The Torah Tëmima explains rov gufei Torah tëluyiim bah to mean that most of the principles contained in our parasha are “belonging to the knowledge of the whole mass of people in their way of life.” While, to be sure, there are halachic norms to be considered and ample scope for inquiries of competent rabbinical authority concerning the mitzvoth of our parasha, their basic application is a matter of common decency rather than technical details, and requires simply a willing heart.
The great 16th century qabbalistic commentator Rabbi Moshe Alsheikh makes a somewhat similar observation: The parasha was taught bëhaqhél, he suggests, to emphasize that for a goy qadosh, qëdusha is not the province of the unusually pious few, but of the entire community of Israel, from the greatest to the simplest, without exception.

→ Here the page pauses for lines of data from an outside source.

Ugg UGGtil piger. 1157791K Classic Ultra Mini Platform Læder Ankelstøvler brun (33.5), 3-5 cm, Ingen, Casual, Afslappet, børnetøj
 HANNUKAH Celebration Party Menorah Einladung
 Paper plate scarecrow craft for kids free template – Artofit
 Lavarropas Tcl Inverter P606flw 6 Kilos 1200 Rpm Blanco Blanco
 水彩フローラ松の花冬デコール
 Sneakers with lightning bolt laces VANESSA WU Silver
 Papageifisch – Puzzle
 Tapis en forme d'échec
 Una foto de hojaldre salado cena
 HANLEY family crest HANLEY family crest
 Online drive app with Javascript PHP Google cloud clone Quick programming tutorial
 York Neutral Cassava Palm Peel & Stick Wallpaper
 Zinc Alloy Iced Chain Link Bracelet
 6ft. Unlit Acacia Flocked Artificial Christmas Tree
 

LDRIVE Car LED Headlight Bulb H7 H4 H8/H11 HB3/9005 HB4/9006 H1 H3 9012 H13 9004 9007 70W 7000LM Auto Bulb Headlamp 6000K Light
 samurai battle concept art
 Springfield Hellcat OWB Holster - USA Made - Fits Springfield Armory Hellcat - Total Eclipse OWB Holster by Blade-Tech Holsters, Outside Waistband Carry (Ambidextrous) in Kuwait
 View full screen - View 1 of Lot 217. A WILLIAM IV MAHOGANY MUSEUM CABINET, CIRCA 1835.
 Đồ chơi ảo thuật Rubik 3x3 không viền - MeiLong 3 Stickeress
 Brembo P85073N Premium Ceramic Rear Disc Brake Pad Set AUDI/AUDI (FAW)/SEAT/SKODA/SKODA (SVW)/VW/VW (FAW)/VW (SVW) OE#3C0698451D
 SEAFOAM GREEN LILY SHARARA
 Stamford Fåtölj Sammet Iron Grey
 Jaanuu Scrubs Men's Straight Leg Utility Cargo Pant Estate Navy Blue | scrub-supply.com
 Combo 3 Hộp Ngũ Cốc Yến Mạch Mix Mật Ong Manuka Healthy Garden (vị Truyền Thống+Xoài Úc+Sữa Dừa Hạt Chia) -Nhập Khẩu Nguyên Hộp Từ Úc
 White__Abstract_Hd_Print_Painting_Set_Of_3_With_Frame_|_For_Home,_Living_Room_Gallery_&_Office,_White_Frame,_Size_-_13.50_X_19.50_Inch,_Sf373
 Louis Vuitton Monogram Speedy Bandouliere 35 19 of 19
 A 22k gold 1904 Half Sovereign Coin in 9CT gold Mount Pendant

The implication of this is breathtaking. If the maintenance of qëdusha is equally incumbent on all, and if, as Rabbi ‘Aqiva puts it, the këlal gadol baTorah is vë’ahavta lëré‘acha kamocha, then this mitzva in particular takes center stage. But if there is anything that seems true of human nature, it is that amour propre is unlimited. How, then, is it possible to love every single Jew as unconditionally as one loves oneself?
And what is the implication of the verse’s prohibition on revenge? Does it mean that one must meekly accept the blows of others and forgo all redress? If so, what is the point of having courts?
The first hint that things may not be as they seem may be gleaned from the fact that the very Rabbi ‘Aqiva who terms this mitzva the këlal gadol baTorah also says elsewhere (Bava Mëtzi‘a 62a) chayyecha qodëmin lëchayyei chavercha (“Your life takes precedence over your comrade’s life”), i.e. the Torah does not oblige us to commit certain suicide to save another; his blood is not redder than ours. But if this is so, what of loving our fellow as ourselves? It seems that the ahava of ahavath Yisra’él may not be the same as our amour propre after all.
Another insight may be gleaned from the famous story of Hillel and the potential convert found in Shabbath 31a. The convert asked Hillel to teach him the entire Torah while standing on one foot, and Hillel replied: Ma dë‘alach sanei la ta‘beid lëchavrach – zo hi’ kol haTorah vë’iddach peirusha. Zil gëmor! (“What is hateful to you do not do to your comrade — this is the entire Torah and the rest is the commentary. Go, learn!”)
The këlal gadol, kol haTorah, then, consists in doing no harm. In the same way that no sane human being deliberately harms his own interests, so are we enjoined not to harm those of others. The first rule of love is that we must not hate.
This provides us with the link between the first half of the verse and its sublime conclusion. The Talmud (Yoma 23a) defines what the Torah means by nëqama (“revenge”) and nëtira (“grudge-bearing”) as follows: Suppose that Rë’uvén wants to borrow a tool from Shim‘on, and Shim‘on refuses to lend it. That is bad enough. But if later the shoe is on the other foot, and Shim‘on now needs to borrow something from Rë’uvén, and Rë’uvén refuses on the grounds of Shim‘on’s earlier refusal, tit-for-tat, this is called nëqama.
Now imagine the same initial scenario, in which Shim‘on refused to lend to Rë’uvén. If, when Shim‘on approaches Rë’uvén to borrow an item, Rë’uvén lends it to him, but says, “I’m not like you; when I asked you, you wouldn’t lend to me” this is called nëtira.
It will be realized that either of these conditions serves to perpetuate hard feelings and hostilities. For that reason, the Torah proscribes them, and in the same breath calls the absence of such feelings love for one’s fellow. As the Rambam points out, this has nothing to do with righting wrongs or seeking justice, save that justice must be pursued for its own sake, not out of hatred for the wrongdoer. Only thus can we come to correct the condition of sin’ath chinnam (“groundless hatred”). This, the Rabbis tell us (Yoma 9b), is responsible for the loss of the Béyth haMiqdash, the Temple, whose very name implies that it was and again will be the spiritual center of the mamlecheth kohanim vëgoy qadosh.
Vë’ahavta lëré‘acha kamocha, uqëdoshim tihyu!